Greater Harrisburg's Community Magazine

CAT to HBG: Tough road, big deficit ahead

Harrisburg’s public transit network has a bleak road ahead of it.

Capital Area Transit (CAT) will end the year with a $700,000 deficit, but new Executive Director Richard Farr can’t explain why.

“It’s like an archeological dig trying to figure out how we got this far in the red with no foreseeable way out,” Farr told Harrisburg City Council on Tuesday night at its legislative session.

Farr said that CAT’s “worst case scenario” would be to reduce service to narrow the deficit. Administrator salaries have been cut to the furthest possible extent, he said, which leaves the company eyeing its other major expenditures – insurance and maintenance – as possible areas to shave costs.

CAT has the highest maintenance costs in the state, Farr said, outpacing major public transit authorities like Philadelphia’s SEPTA system. It also has the third-highest labor costs.

And yet, CAT buses leave customers stranded every day due to driver shortages, Farr said.

CAT executives hope to join an insurance network to help mitigate some of its maintenance costs. But the source of the high labor expenditures remains hazy, especially since the agency has slashed administrator salaries in recent years by leaving high-level positions vacant.

Like most public transit authorities, CAT derives little revenue from fares and other consumer sources. State and federal dollars constitute the bulk of its funding, which make its annual revenues relatively stable and predictable.

“This isn’t a revenue problem, it’s an expenditure problem,” Farr said. “Some of these costs are legacy… but we have a big hurdle we need to work through.”

Farr hopes to avoid service reductions and said he has already averted driver layoffs once since taking the helm of CAT earlier this year.

Even if service reductions are avoided this year, they may be inevitable, said Harrisburg Mayor Eric Papenfuse.

“Eventually, they’ll have to cut service because they’ll have to use next year’s funding to pay this year’s line of credit,” Papenfuse explained.

Farr said he knows that the transit authority needs all hands on deck to avoid worsening its deficit or its service quality by the end of the year. Starting next week, CAT executives will draft a plan to save the transit authority, he said. That plan will eventually be made public.

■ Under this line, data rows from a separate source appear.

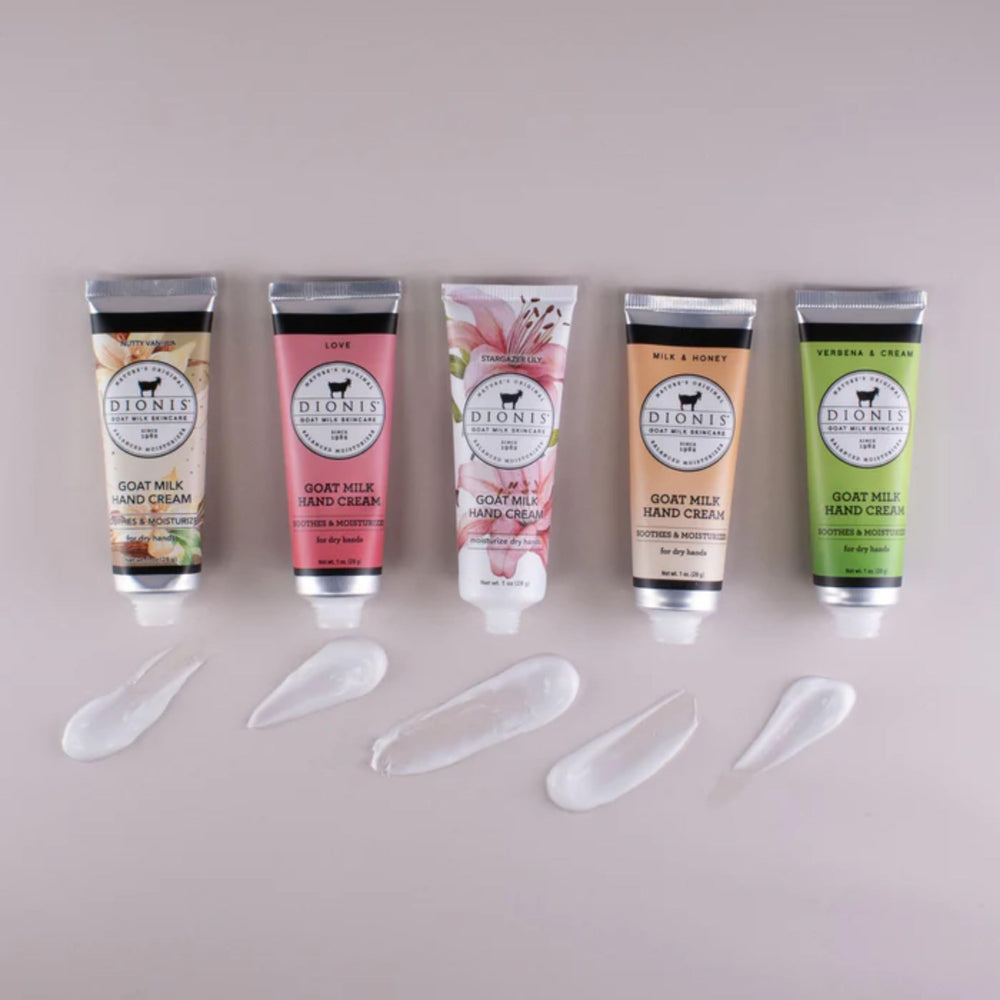 Dionis Milk and Honey hand cream image showing nourishing moisture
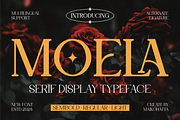 Moela - Serif Display Typeface, a Serif Font by MaikoHatta (Thumbnail 1 of 7)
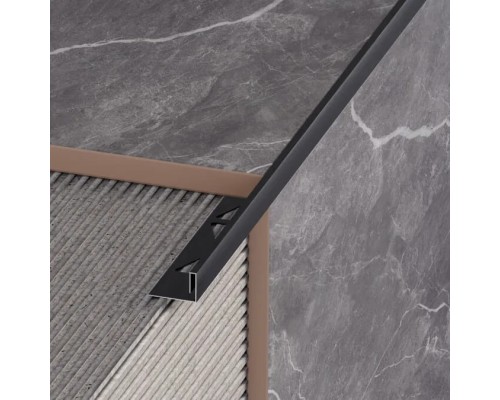 Декоративний профіль для плитки KLOODI SST SBP019 3x10 BK-BR чорний-браш
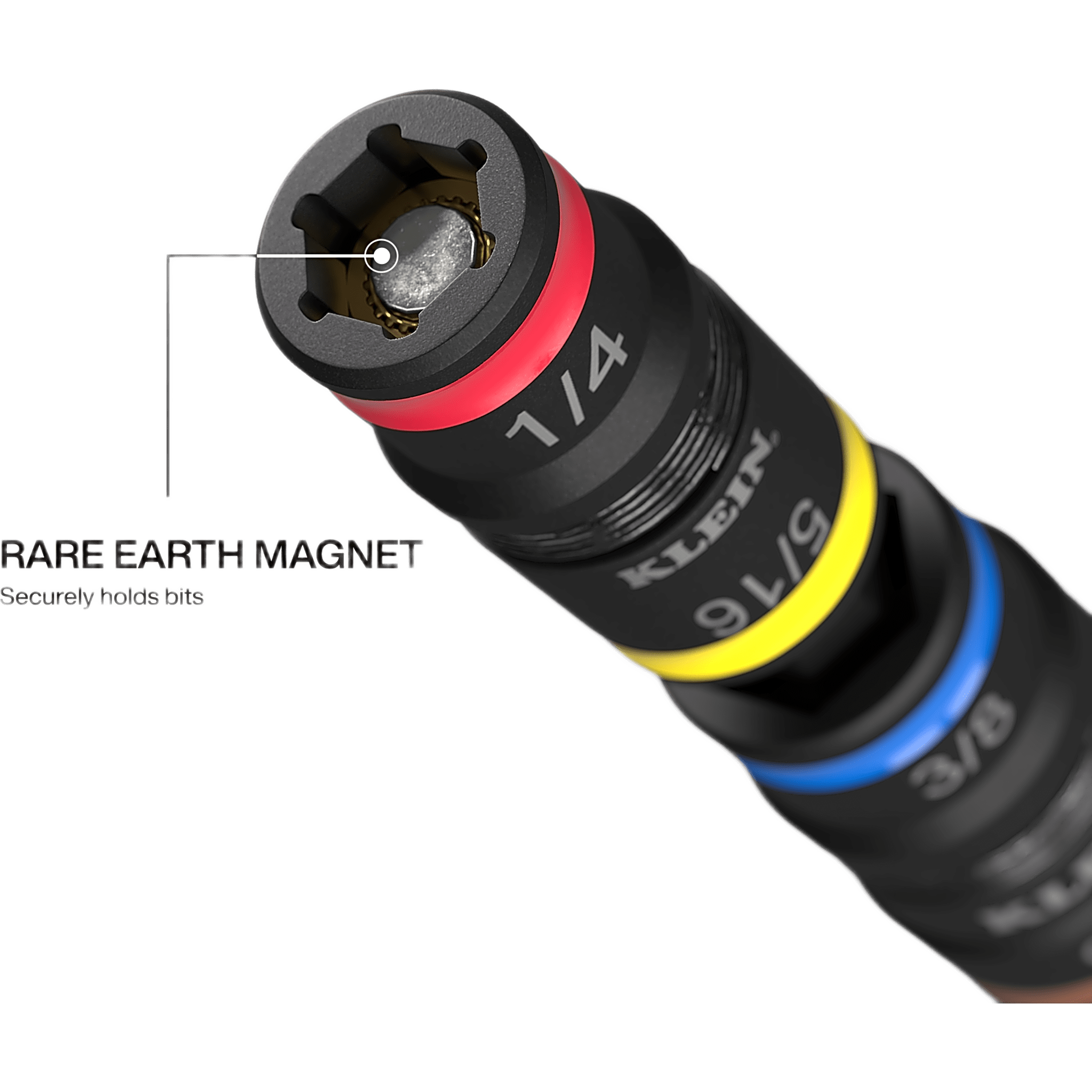 Desarmador de Impacto / 14 en 1 / Magneto de Tierras Raras / Almacenamiento Dual / Asistencia de Torque / Adaptador 7/8".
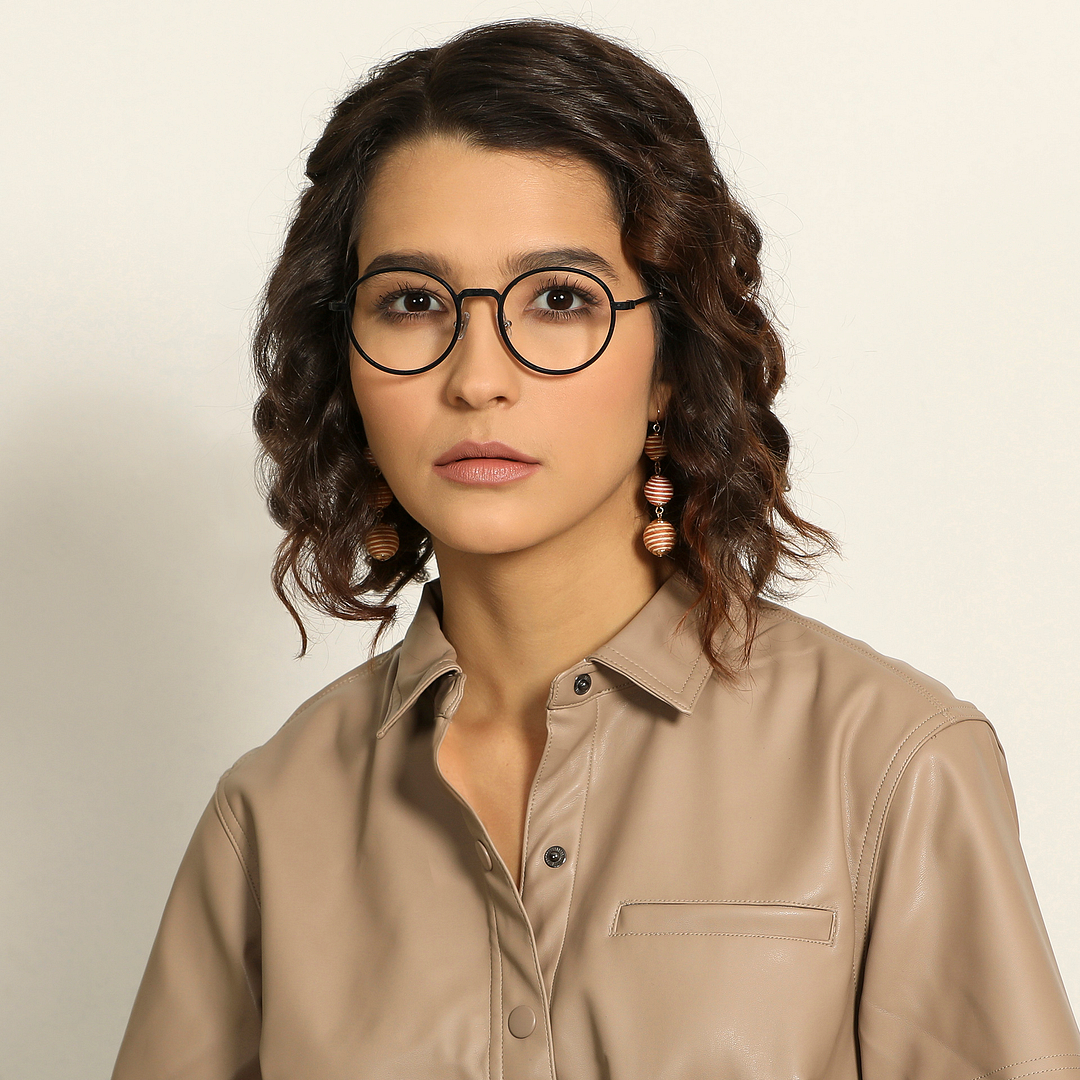 Lenskart Air Online Navy Blue Full Rim Round right side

“We have to earn the trust back of the community,” Farr said. “It will have to be transparent. It will be painful for us. We will hear things we don’t want to hear, but we have to do it.”

Farr also noted some initiatives CAT has undertaken in the past year, such as implementing mandatory annual trainings for all drivers and partnering with the Tri-County Regional Planning Commission on a bus stop optimization study.

The agency also has a $1.3 million grant to update its fare collection technology, so fully electronic fare systems could be on the streets by the end of this year. CAT hopes to roll out a regional transportation fare card as part of that project. That card would give riders access to public transportation systems in neighboring counties, including Lebanon, Lancaster and York.